McCain slams torture apologists emboldened in wake of bin Laden raid
Republican Arizona Senator John McCain, who was tortured as a prisoner of war in Vietnam, has long opposed the so-called enhanced interrogation techniques employed by the U.S. in the War on Terror. He is now railing against apologists for those techniques, mostly on the right, who have seized on the death of Osama bin Laden at the hands of Navy SEALS to assert that it was torture that delivered the intelligence that made the SEALS’ mission to hunt down bin Laden successful.
McCain wrote a measured heartfelt op-ed for the Washington Post this morning and then delivered a passionate anti-torture and anti-torture-propaganda speech on the floor of the senate this afternoon.
From the op-ed:
I asked CIA Director Leon Panetta for the facts, and he told me the following: The trail to bin Laden did not begin with a disclosure from Khalid Sheik Mohammed, who was waterboarded 183 times. The first mention of Abu Ahmed al-Kuwaiti — the nickname of the al-Qaeda courier who ultimately led us to bin Laden — as well as a description of him as an important member of al-Qaeda, came from a detainee held in another country, who we believe was not tortured.
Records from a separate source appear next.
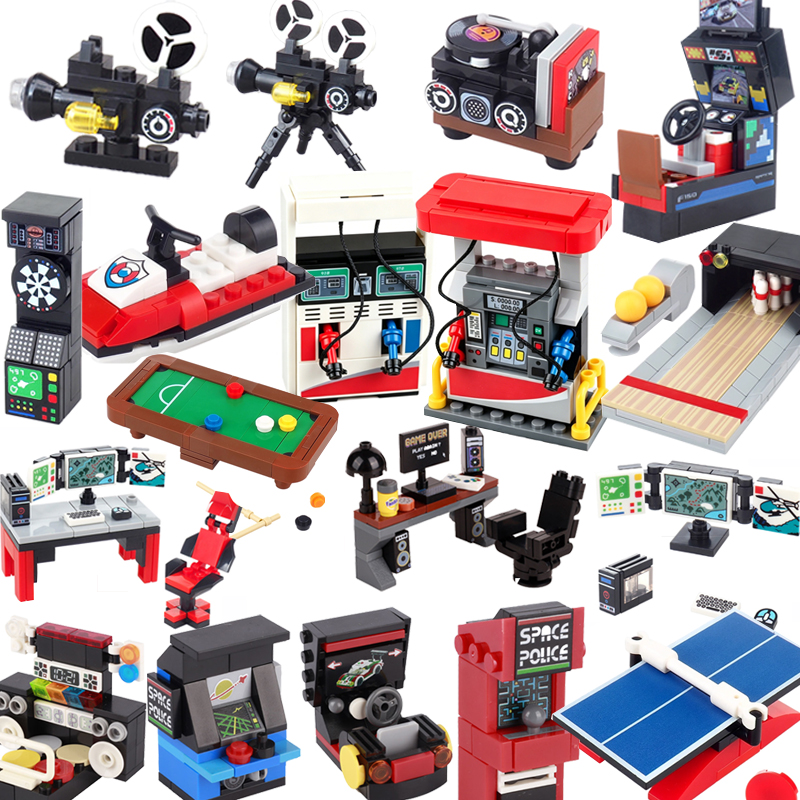 MOC City Street View Building  - Retro Gaming Console Gun ulasan dan harga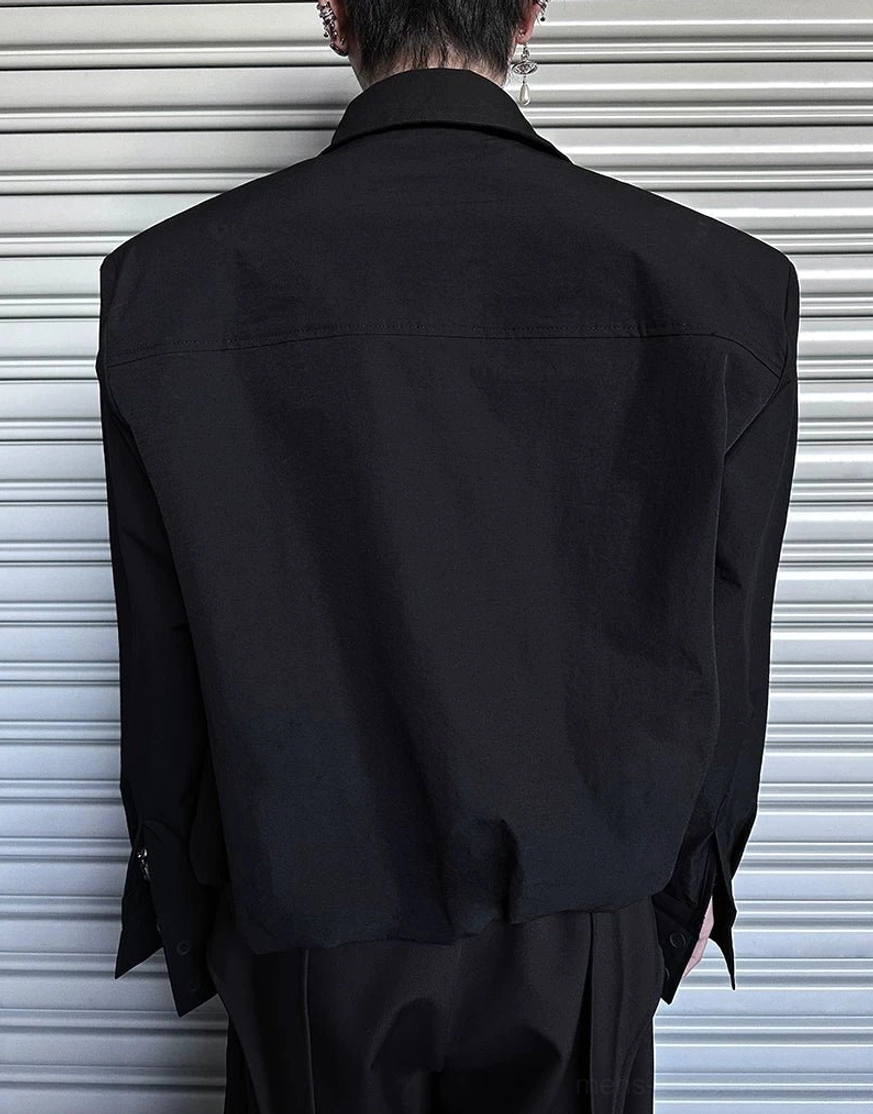 Drift oversized cuff shirt Korean streetwear fashion product detail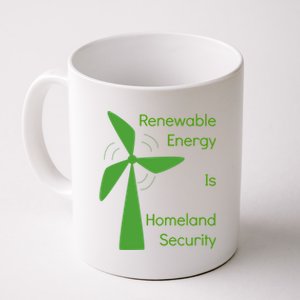 Renewable Energy Is Homeland Security Climate Change Gift Meaningful Gift Coffee Mug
None of the three detainees who were waterboarded provided Abu Ahmed’s real name, his whereabouts or an accurate description of his role in al-Qaeda.
In fact, the use of “enhanced interrogation techniques” on Khalid Sheik Mohammed produced false and misleading information.
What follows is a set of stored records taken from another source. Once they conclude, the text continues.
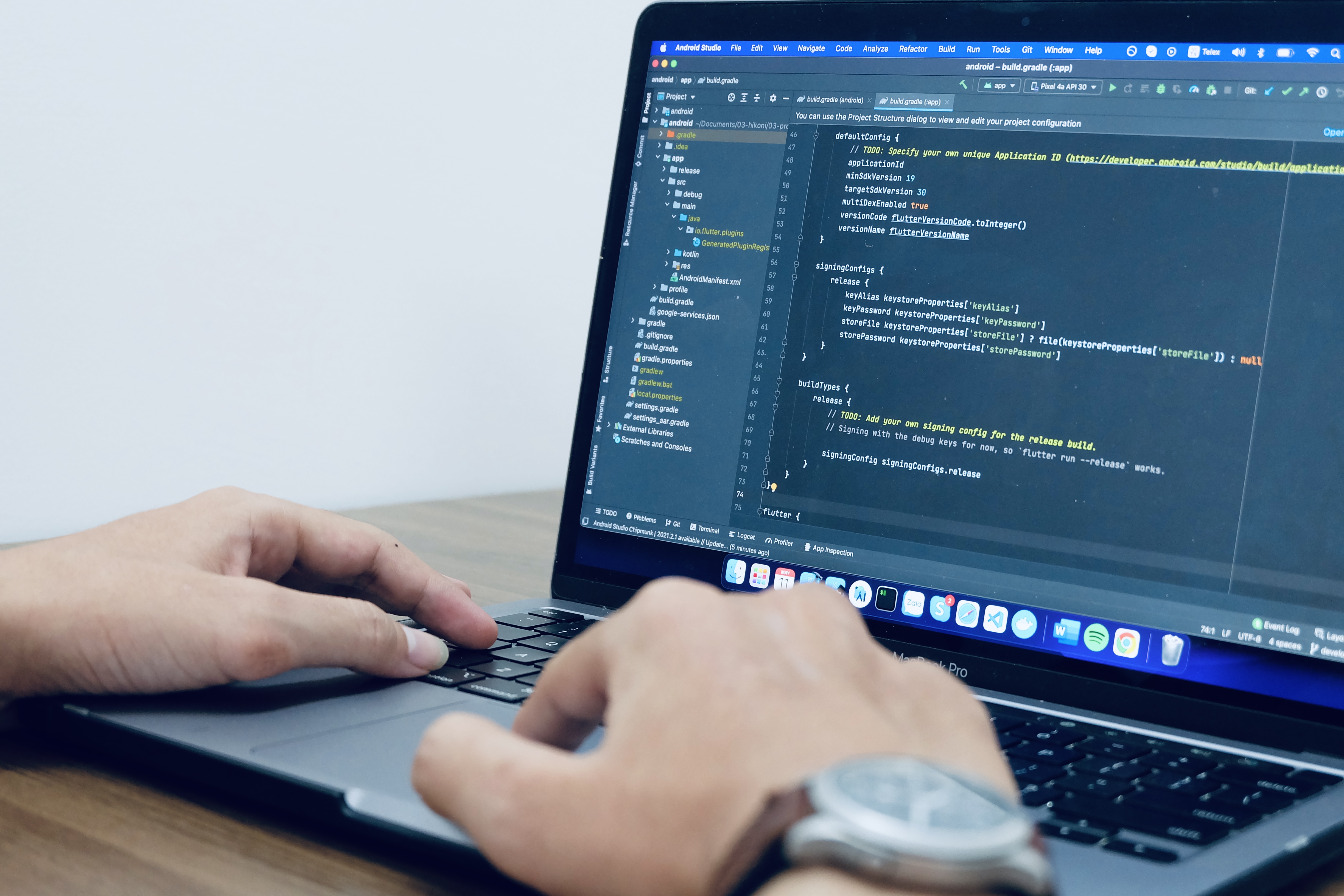 SCAQUE - Mobile Development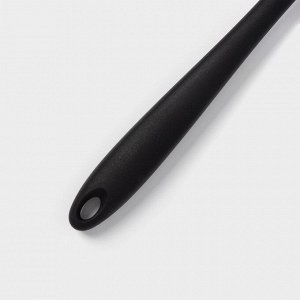Ложка для спагетти Magistro Black, нейлон, 29x6 см, чёрная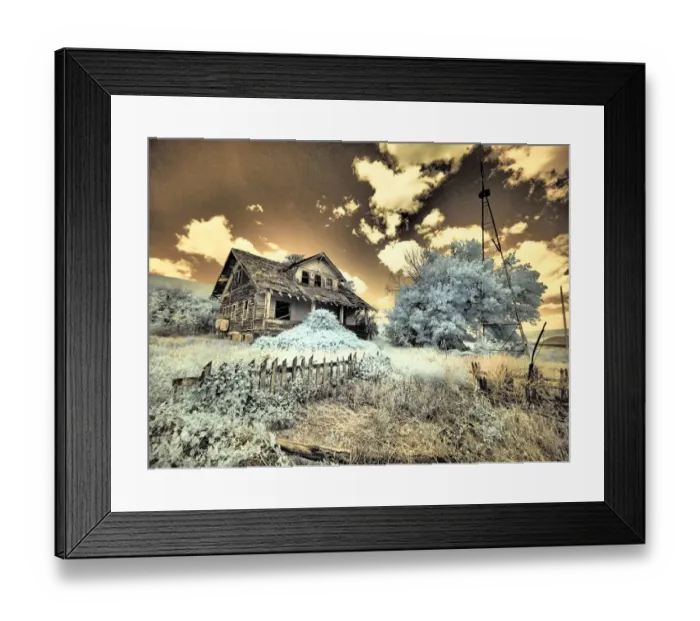 Framed Print : USA, Washington State, Palouse. Abandoned old homestead Framed Print : USA, Washington State, Palouse. Abandoned old homestead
As we debate how the United States can best influence the course of the Arab Spring, can’t we all agree that the most obvious thing we can do is stand as an example of a nation that holds an individual’s human rights as superior to the will of the majority or the wishes of government? Individuals might forfeit their life as punishment for breaking laws, but even then, as recognized in our Constitution’s prohibition of cruel and unusual punishment, they are still entitled to respect for their basic human dignity, even if they have denied that respect to others.
All of these arguments have the force of right, but they are beside the most important point. Ultimately, this is more than a utilitarian debate. This is a moral debate. It is about who we are.
I don’t mourn the loss of any terrorist’s life. What I do mourn is what we lose when by official policy or official neglect we confuse or encourage those who fight this war for us to forget that best sense of ourselves. Through the violence, chaos and heartache of war, through deprivation and cruelty and loss, we are always Americans, and different, stronger and better than those who would destroy us.
From Capitol Hill (he gets going at around the 5:40 mark):
McCain may be derided by the tea party right for what has been characterized as his tepid conservativism but he speaks with authority on torture and he has better access to information about the mission to kill bin Laden and the interrogations of captured members of al Qaida than do Fox News talking heads and the bloggers at RedState.